My first two runs were a little terrifying. I realized at the end of the second that I was holding my breath as I wedged slowly down the hill and knew that had to change. Perfect situation to bring in yoga principles. One thing yoga has showed me is that I tend to be guided by fear. I hold back a lot--in class, in life, on the slopes--and as a result, I don't reach my full potential. Skiing totally tapped into that. After those first two runs, I didn't want to go back up, but I managed to get myself back on the lift. As I rode up, I did some pranyama--in through the nose, out through the nose (no hand movement, of course--had to hang onto my ski poles and gloves!). Doing so helped tremendously. And I have free lifts and rentals tomorrow, so you know I will be back out there. Still a little scared, though :-)

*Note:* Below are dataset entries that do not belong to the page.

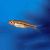 Red Tail Rasbora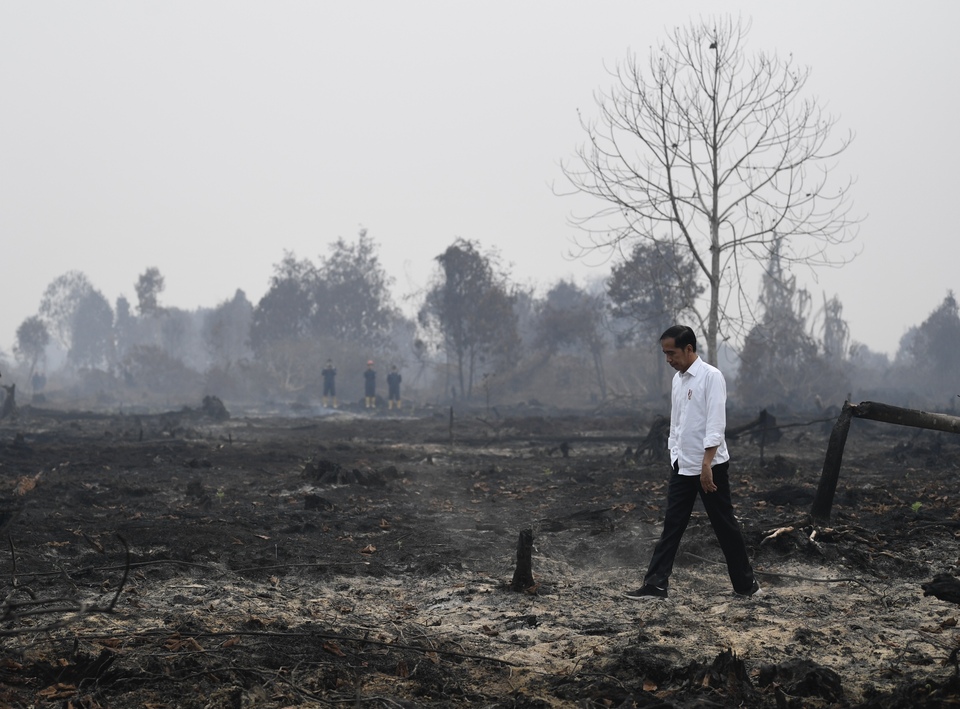 President Joko Widodo inspects a burning forest in Pekanbaru, Riau, last year. (Antara Photo/Puspa Perwitasari)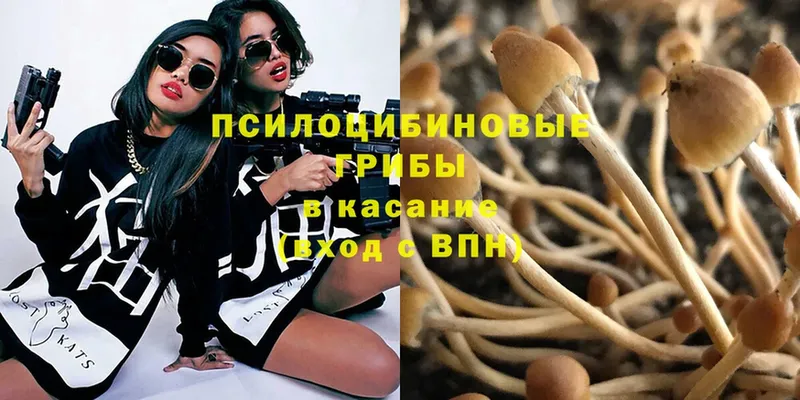 купить наркоту  Полевской  Галлюциногенные грибы Psilocybe 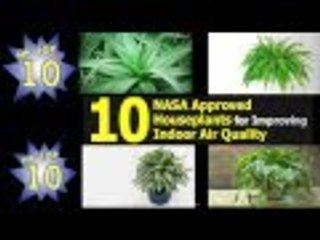 NASA Verified Houseplants For Improving Indoor Air Quality 2016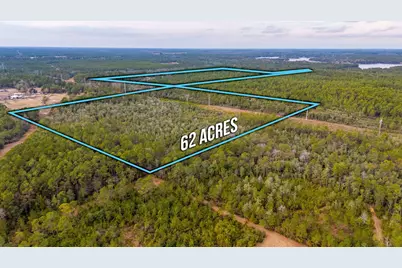 62 Acres Maes Lane, Defuniak Springs, FL 32433 - Photo 1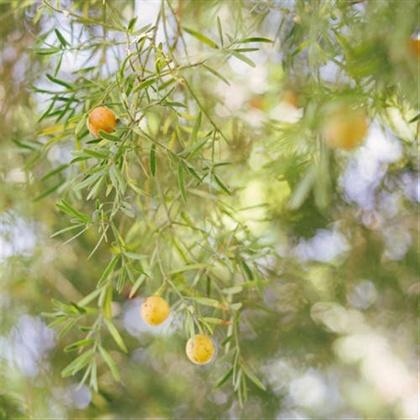 属马的男追女生的表现，属马男人跟女人暧昧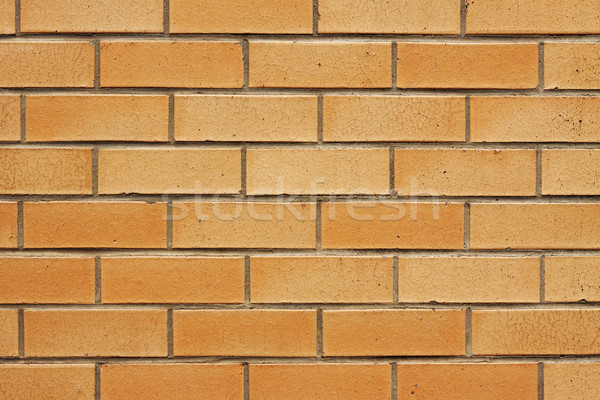 Primer plano pared de ladrillo imagen naranja casa edificio Foto stock © jaykayl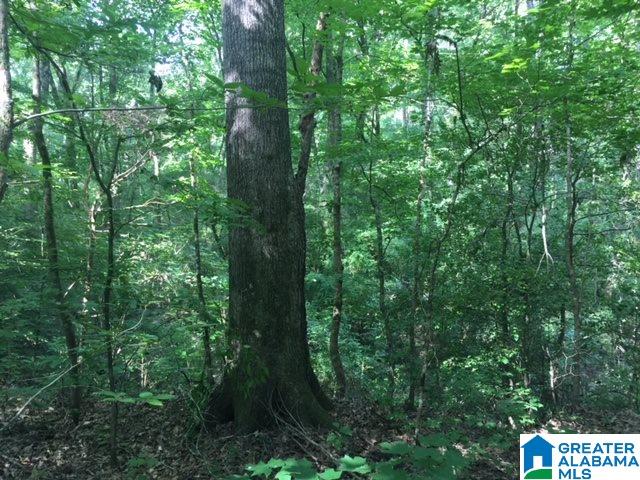 0 Highway 23 Springville, AL 35146 - Photo 6 of 11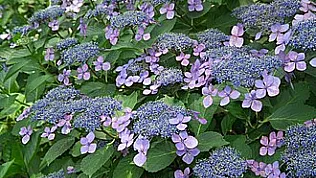 Karadeniz bölgesinde en çok yetişen çiçek türleri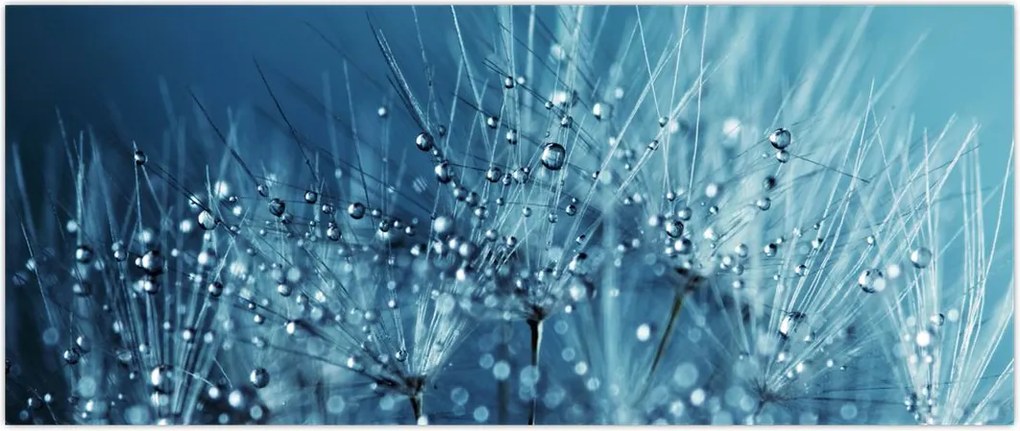 Tablou - Picături de rouă (120x50 cm)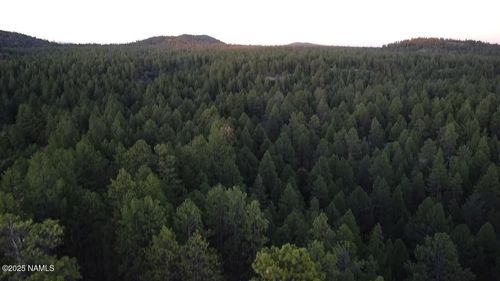 155 E Ski Run Rd, Williams, AZ, 86046 | Card Image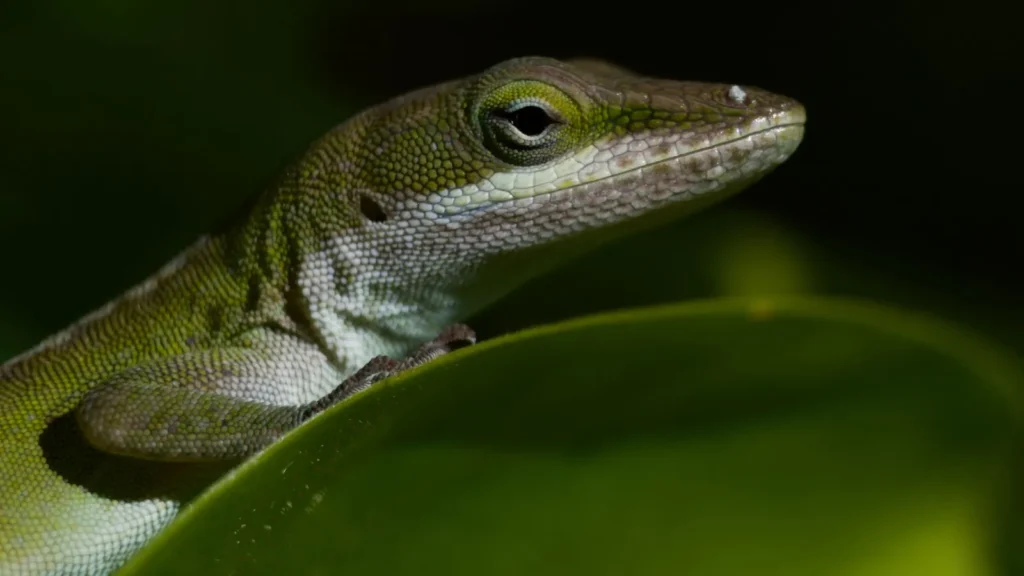 Detailed shot of a green anole lizard on a leaf in Myrtle Beach, USA.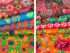 Kaffe Fassett Collective Crocosmia Accents Fat Quarter Bundle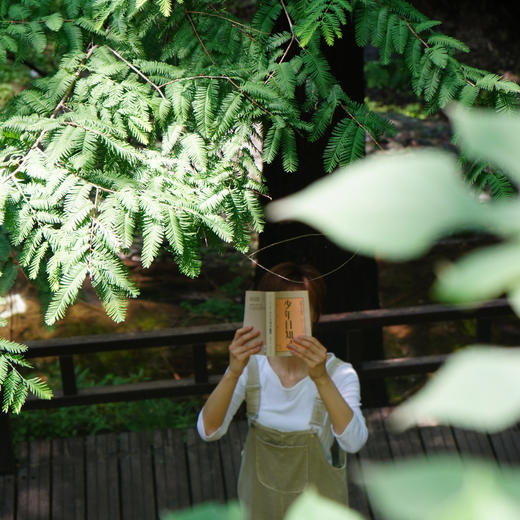 【11岁+】千寻少年•少年日知录（套装共3册）傅国涌给所有中国少年的人文启蒙读本，适合放在每一个中国少年的案头。千寻出品 商品图2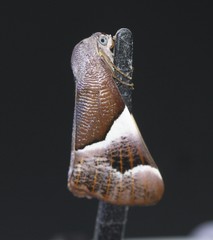 Niceteria macrocosma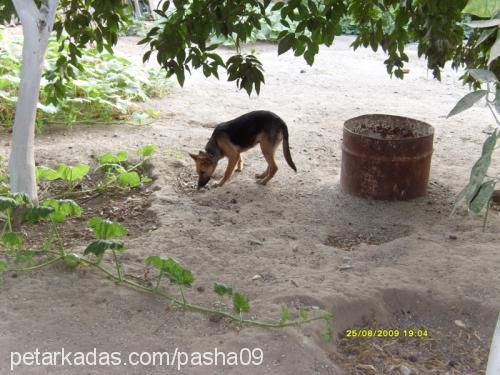 lady Dişi Alman Çoban Köpeği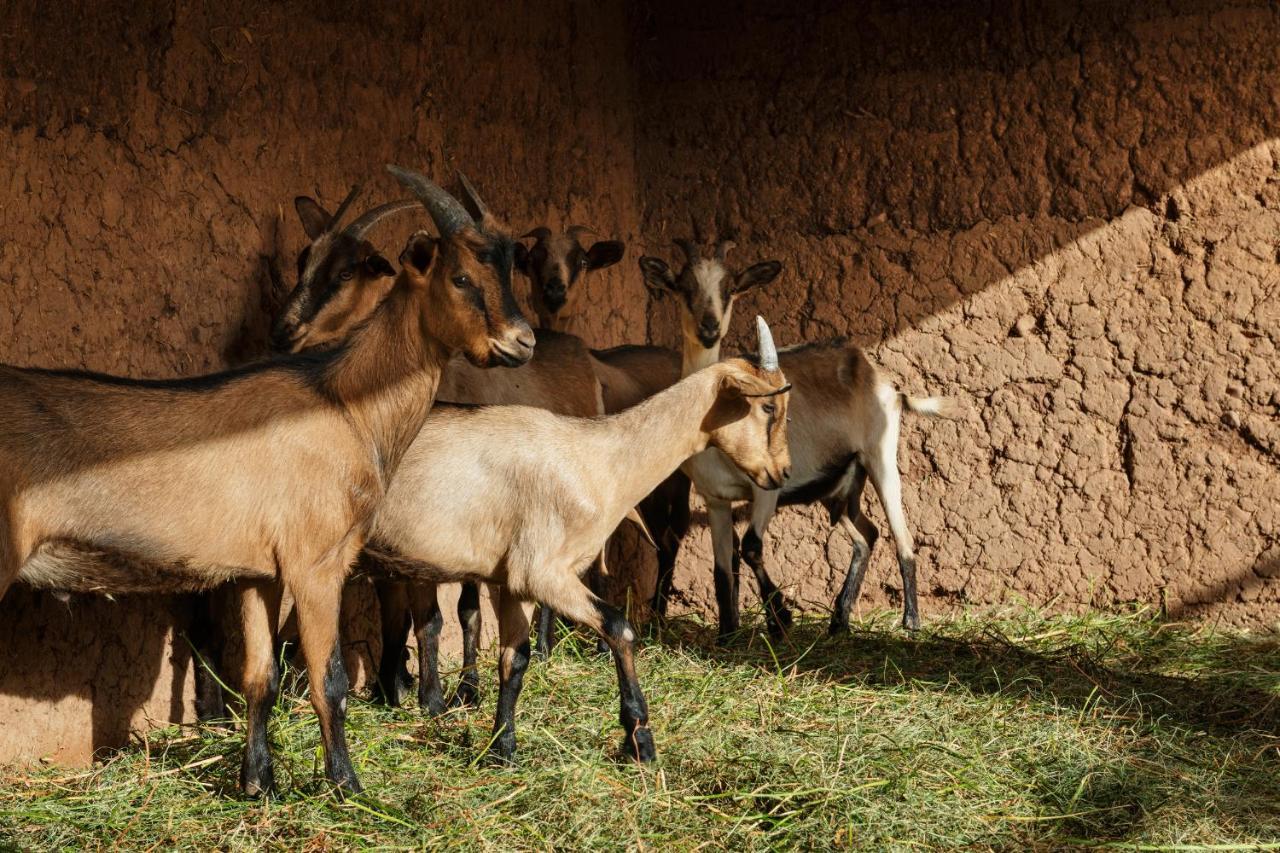 Terra Ababila Villa Marrakesh Bagian luar foto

No Bikram yoga classes up here, but the principles find their way everywhere!
 Don't mess with Mother Nature. Just wear good clothes!

Wednesday, March 24, 2010

Breathing under the Mango Tree

Some days, a few moments of breathing is all you need.

I encountered a pretty challenging situation today at school. Can't go into details, but I had a little confrontation with someone I work with. While I did not do something that was entirely in the wrong, what I said to her provoked a deep and pained response. I was shocked by how I'd obviously hurt her. She rattled me to the core--my way of interacting with students was called into question. I was barely able to compose myself and finish what I was doing before I had a chance to scuttle off.

My main yoga teacher has told us a few times that pranayama deep breathing is the perfect way to combat stressful situations. Until today, I wondered if that was contradictory advice. After all, the dialogue says, "Warming up the body, from the inside out." It always seems to have an energizing effect. Wouldn't that be the opposite of what you want when riddled with anxiety?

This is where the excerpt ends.